This may include anything from digital thermometers to heart monitors. One device or component collects the data and automatically delivers that information to the receiving component, which responds without humans having to do anything manually.
Where Are We Now?
While the Internet of Things is growing, it’s not a new concept. The term was coined back in 1999, but it had already been around for some time. At that point, about the coolest Internet gadget was a soda machine that automatically reported whether there were products still inside. Clearly we’ve come a long way. Some examples of tech we have today that work this way include:
- Health monitors that can send information about heart rate, steps taken, and sleep patterns to a program or app.
- Tire pressure monitors that sense and alert drivers when pressure is low.
- Smart thermostats that sense the temperature or your return from work and adjust accordingly.
There are obviously tons of other gadgets aside from these listed, but have we reached our full potential yet? Certainly not.
Where Are We Headed?
We’re already in the middle of a revolution. The new wave of technology is here, but most of us haven’t adopted it yet. Don’t worry. We will. The Internet of Things is changing the way we perform day-to-day activities.
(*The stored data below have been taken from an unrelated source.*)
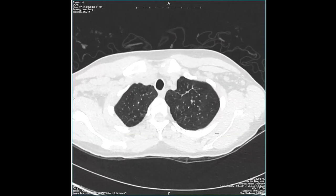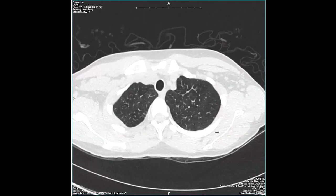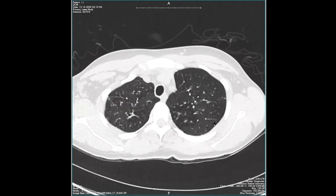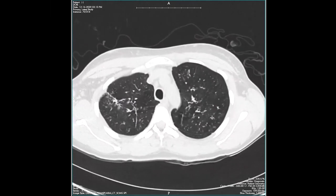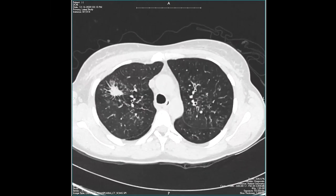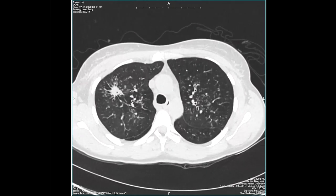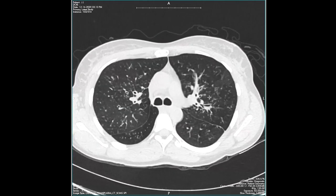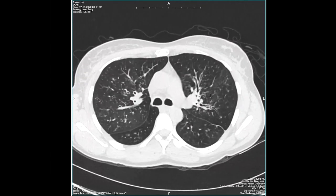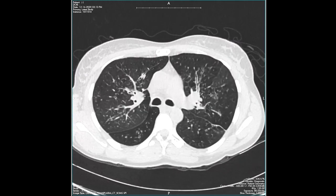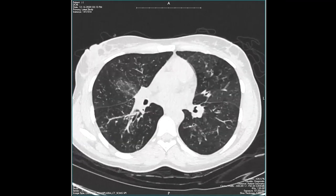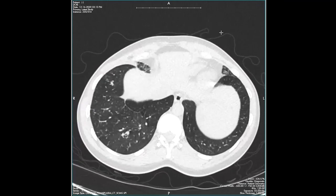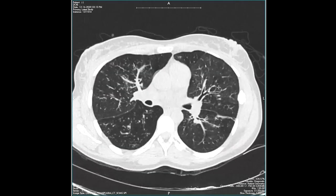Let's walk through some unknown cases now. This is somebody that had a history of anterior uveitis in the past. Looking through their CT, we can see that there are multiple tiny nodules and masses within the lung parenchyma. We can also see that there are some areas of architectural distortion with a little bit of traction bronchiectasis and bronchial wall thickening. The disease is fairly diffuse throughout the lung parenchyma.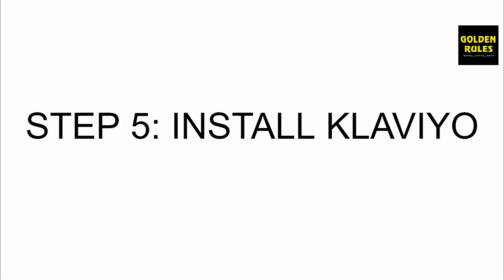Step number five is to install Klaviyo. Klaviyo is an email marketing app that allows us to recover abandoned carts. It's very easy to install and set up, and it's pretty much the benchmark for email marketing using Shopify. We're going to set that up now and get that all configured. It's completely free, so you don't have to worry about any costs involved with that app. Let's get that installed now.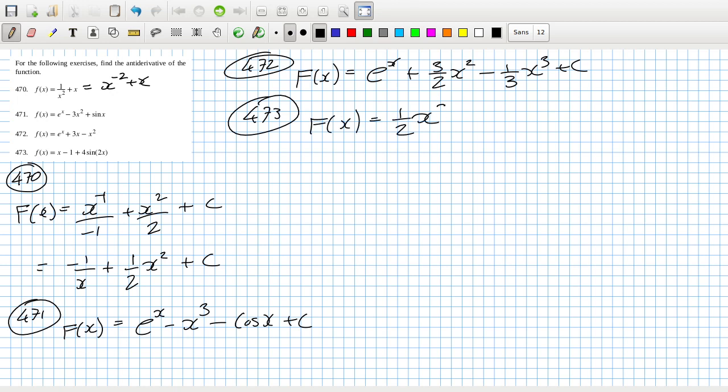This one would have to be minus 2 cos 2x, that would differentiate that, plus 4 sine 2x plus a constant. Okay, hopefully that's all correct.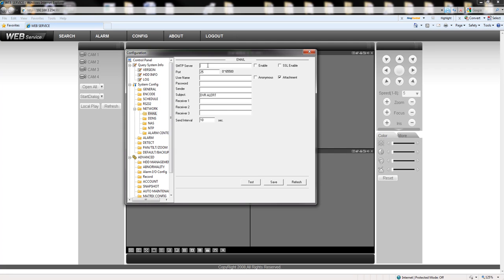So the SMTP server will be SMTP dot gmail dot com. The username I will be using a valid username. Make sure that you enable this option and make sure that SSL is enabled.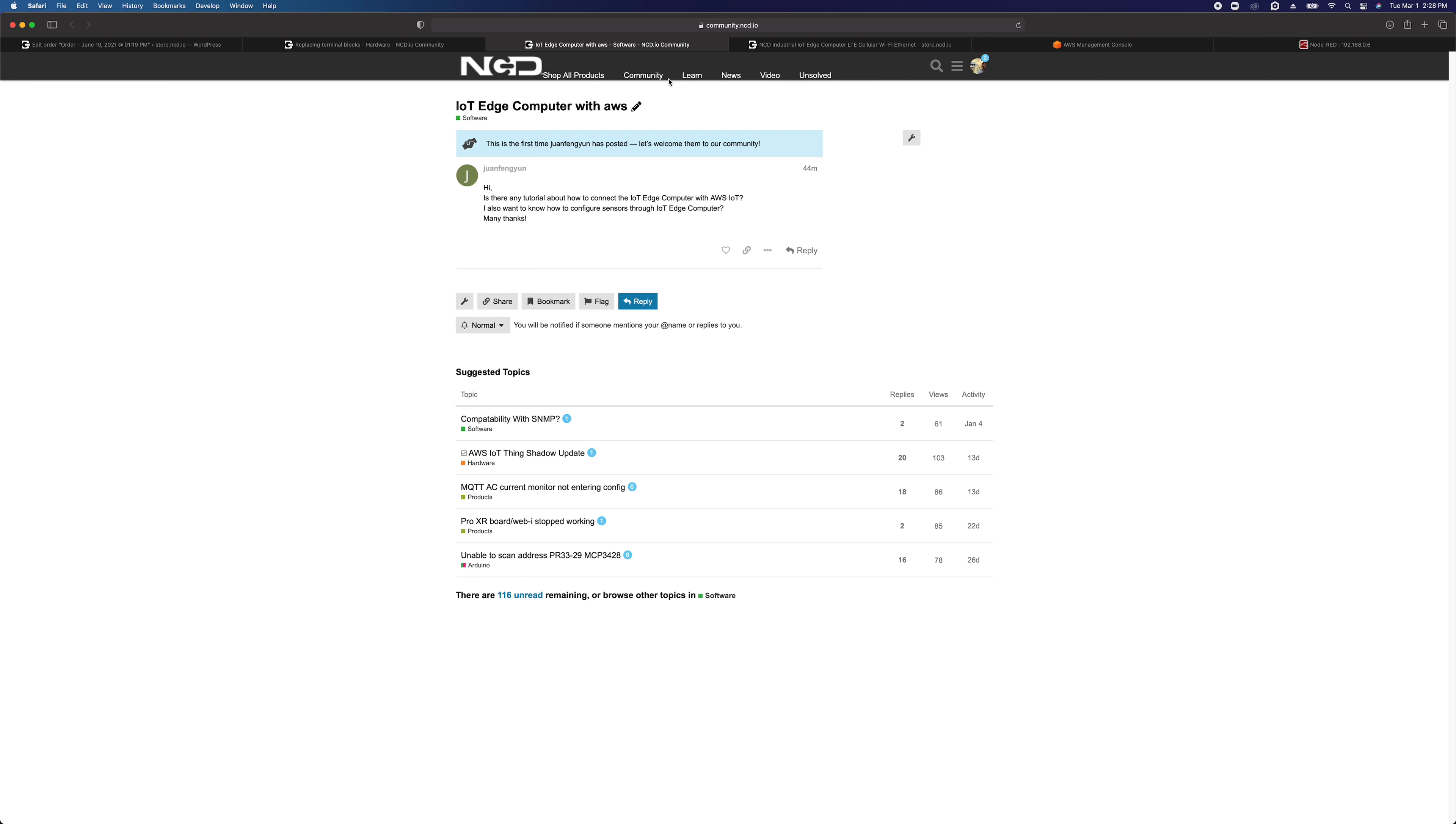This is Travis Elliott with National Control Devices here with another tutorial for our NCD Enterprise Wireless IoT product line. Today's question comes to us from looks like Juan Finian.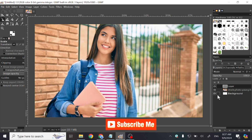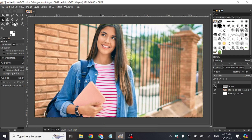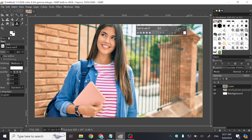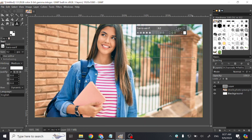Today I will show you how to write text on image in GIMP. Simply click on A here, write the text, now select the area where you want to write the text, and start writing.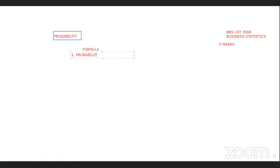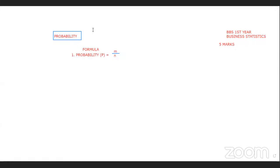Probability. Just the formula. We will see the number of favorable cases, and we will see the number of total cases.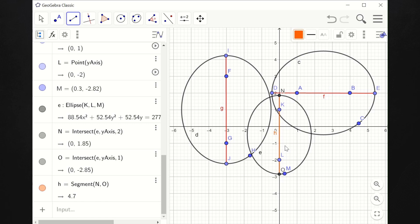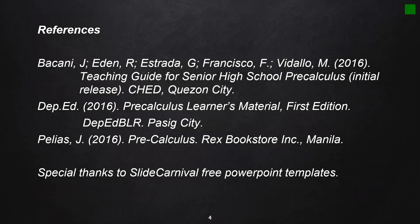The equation in standard form of vertical ellipses would have the denominator of y bearing the a squared, and a is always greater than b. So whichever the greater denominator is — if it's below y, the graph would be vertical; if it's below x, the graph would be horizontal. I hope you have learned something today as we explored more examples of graphs of ellipses. Stay safe always!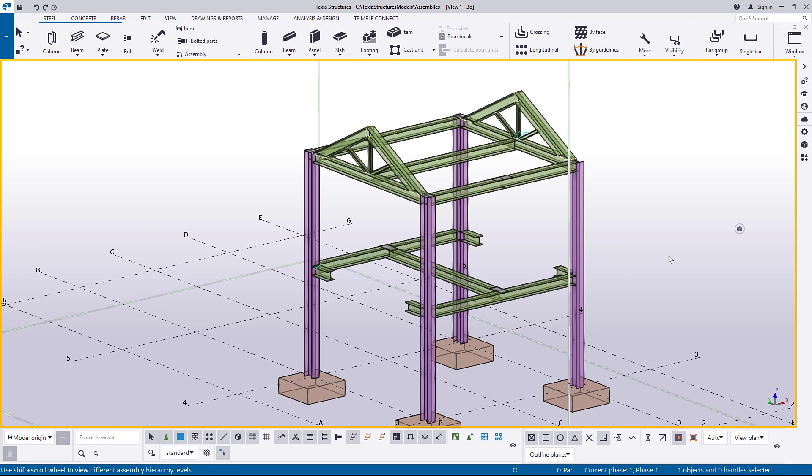Before we start, you need to know that the main part in an assembly has been defined already when the assembly was created, either by welding, bolting, or with the add to assembly command.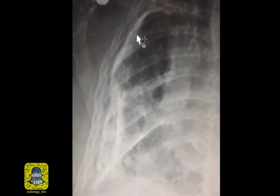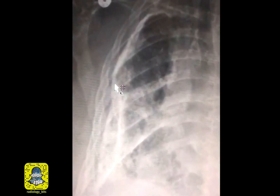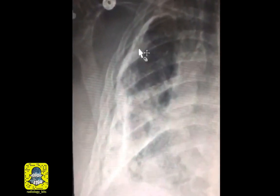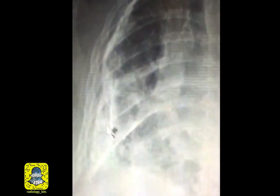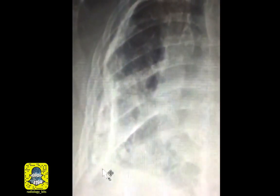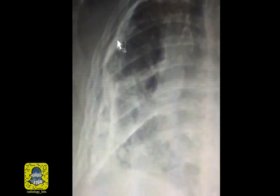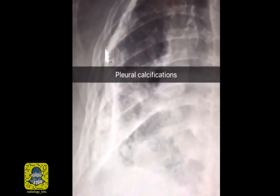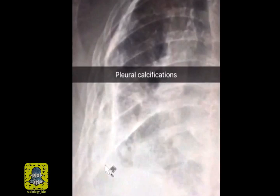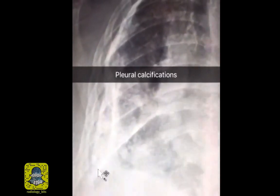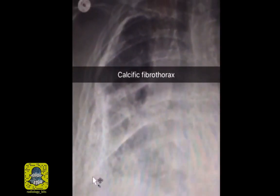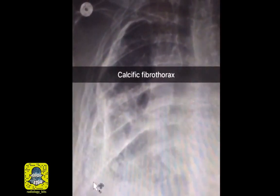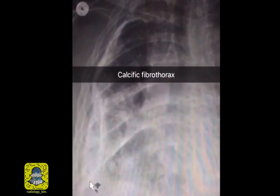Note that this line is very thick and it has a high density that's equal to or more than bone. This high density is consistent with calcification, and the way it follows the edge of the lung suggests that it's in the pleura. So this here is thick calcific change of the pleura. If you put all these findings together — the thick pleural calcifications and the decreased lung volume — this is consistent with calcific fibrothorax.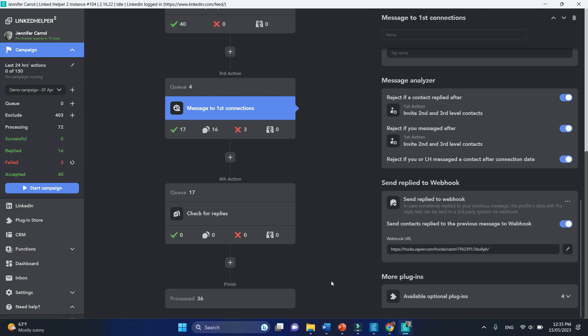In most cases, the above listed settings cover all your reply detection needs.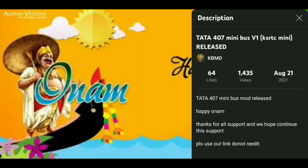Hello guys, welcome to Team Thatgeran. In this video we will see the Tata 407 minibus mod. We are going to show you where the download part is and give you the full video.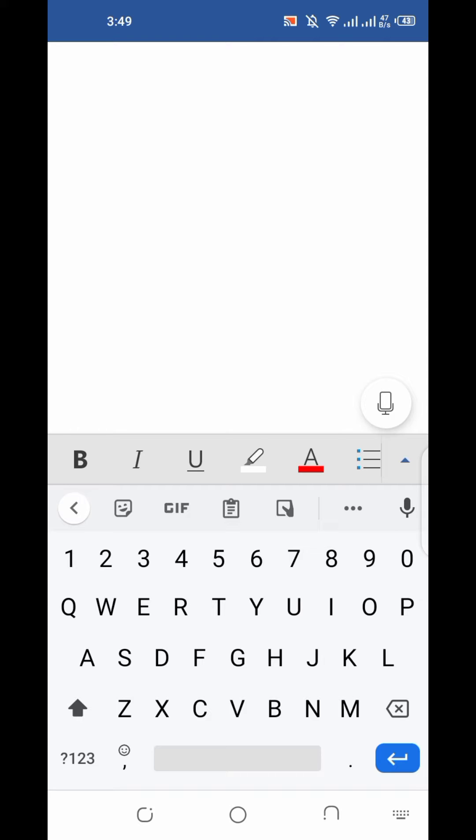After opening the keyboard, we will see there will be an arrow mark on the right corner, right above corner of the keyboard.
If recent products are any indication, soon your sprinklers will turn on in response to moisture sensors, your coffee will begin brewing upon your approach, and your refrigerator and cupboards will automatically update your grocery list. Heck, you may already use these devices.
While we’re not at a point where the majority of the population uses these smart devices, it will soon become a norm much like how television and cell phones are in nearly every home in the country. By 2020, there will be 26 billion connected devices worldwide, says research firm Gartner as reported by The Guardian.
How Will This Impact Us?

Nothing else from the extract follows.